Upwardly Global supported Cecilia in navigating the job market, refining her resume, and building her professional network. She learned many nuances to changing her resume for the US job market versus her home country of Peru. She learned how to interview, received mock interviews with constructive feedback, which in turn helped her build confidence with her English-language skills. After the coaching that Upwardly Global provided, Cecilia received a job as an event producer in Chicago. She has continued to build her career and now works as part of the staff at Upwardly Global, managing courses and trainings that are provided to job seekers.
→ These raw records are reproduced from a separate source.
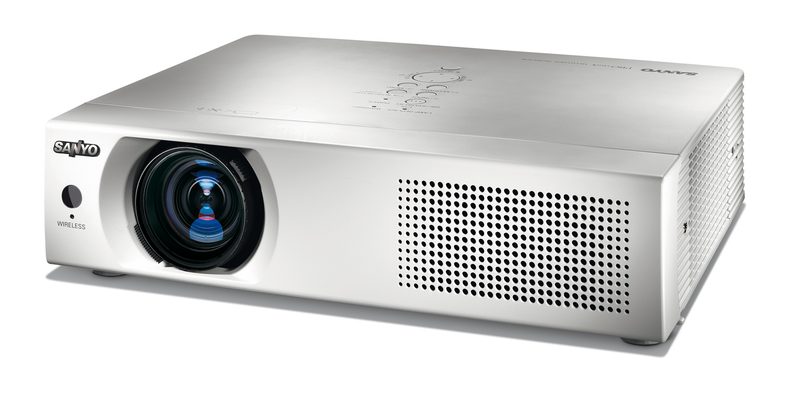 Máy chiếu Sanyo PLC-XU115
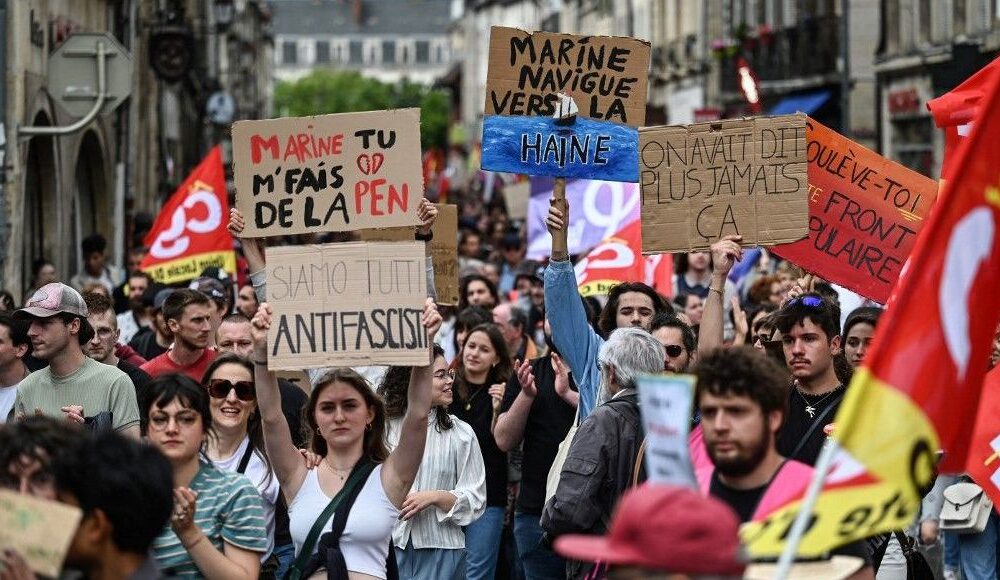 La manifestation contre l'extrême droite réunit 640 000 personnes selon la CGT, 217 000 selon les autorités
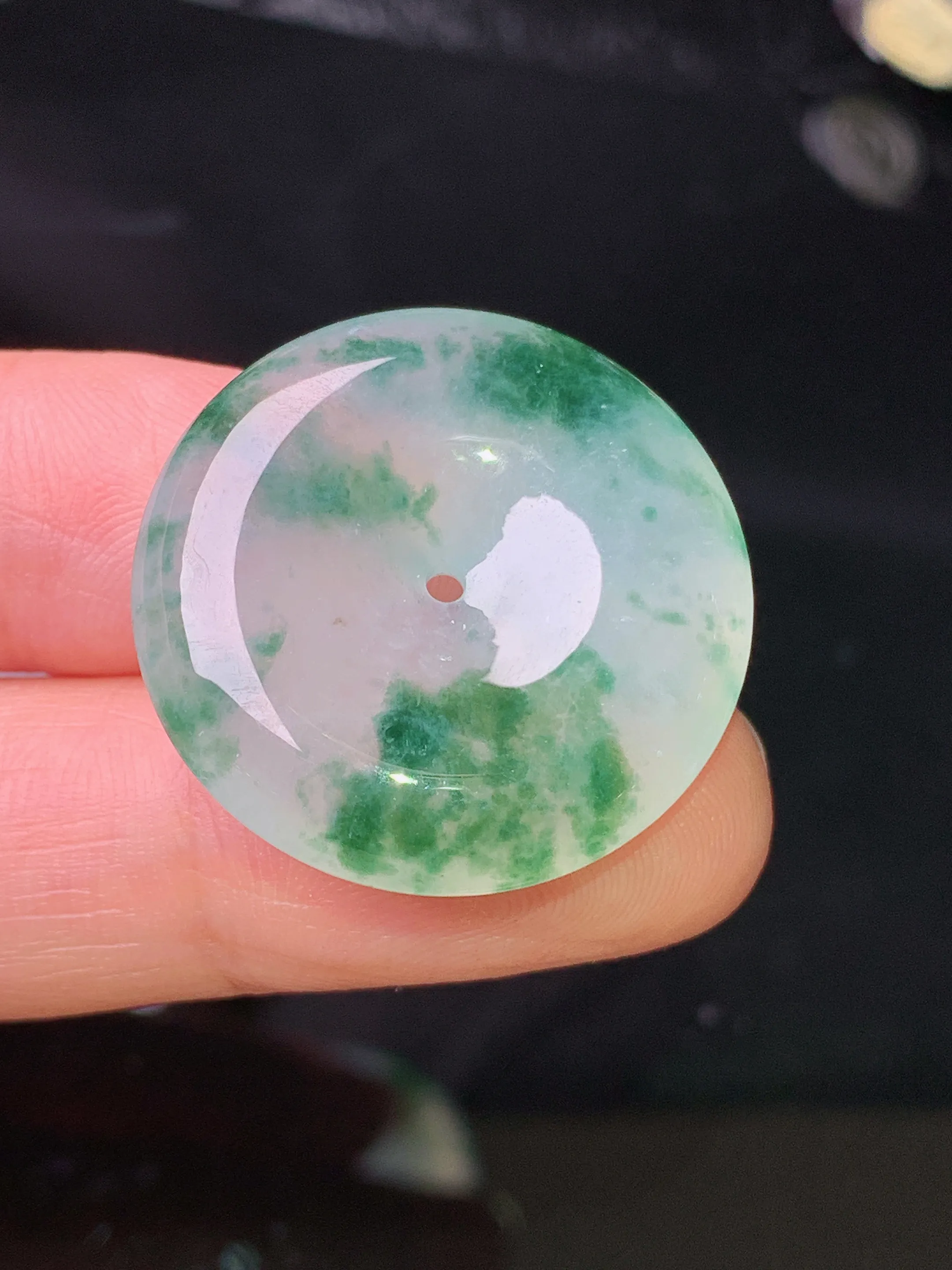 冰种飘绿平安扣吊坠 玉质细腻 色泽清新艳丽 整体尺寸25.7*5.6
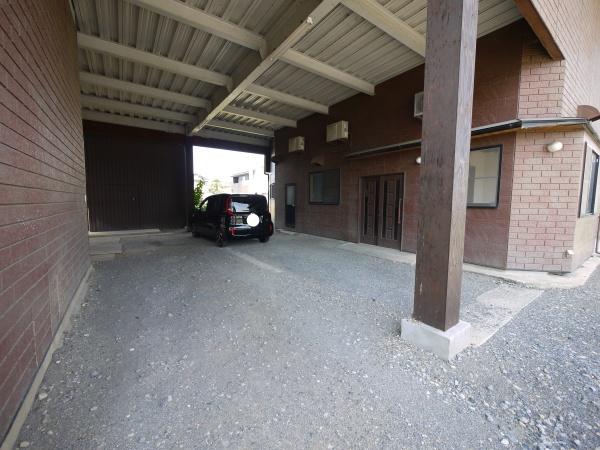 佐野市赤坂町　店舗・事務所・住居付き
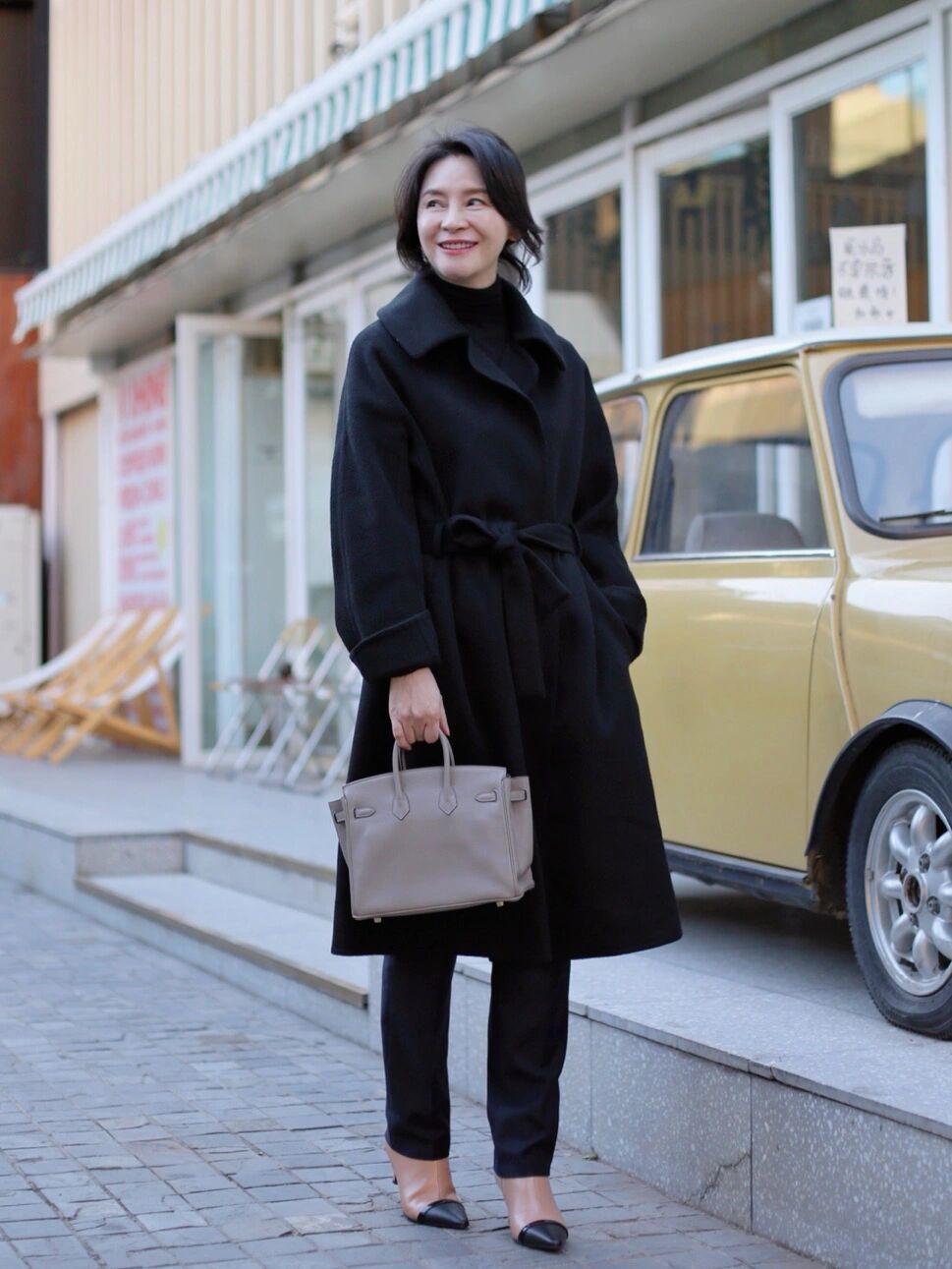 打底衫|50+女人不能错过的羊绒大衣,入冬这么搭优雅又好看,简约不挑人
Cecilia found Upwardly Global’s resources instrumental in her success in the United States and is inspired to give back and support people like her.

“Do not be afraid to reach out and ask for help,” Cecilia says. “There are so many people and organizations willing to support immigrants and refugees. You just need to have the courage to talk to them.”

The Western Union Foundation believes enabling immigrants and refugees to access and compete within the global economy will lead to higher economic growth. That is why we collaborate with partners like Upwardly Global, who are helping provide the resources and tools needed for better jobs and a chance at a better life.

“Diverse workplaces are innovative, resilient, future-ready workplaces.  That’s why Upwardly Global is proud to have one-third of our staff comprised of former program participants, immigrants, and refugees representing more than 20 countries,” said Jina Krause-Vilmar, President & CEO of Upwardly Global.  “We know that people like Ceci make our organization stronger. And we’re grateful to Western Union Foundation for supporting our work in championing the skills of our program participants and building more diverse, equitable, and inclusive workplaces across the country.”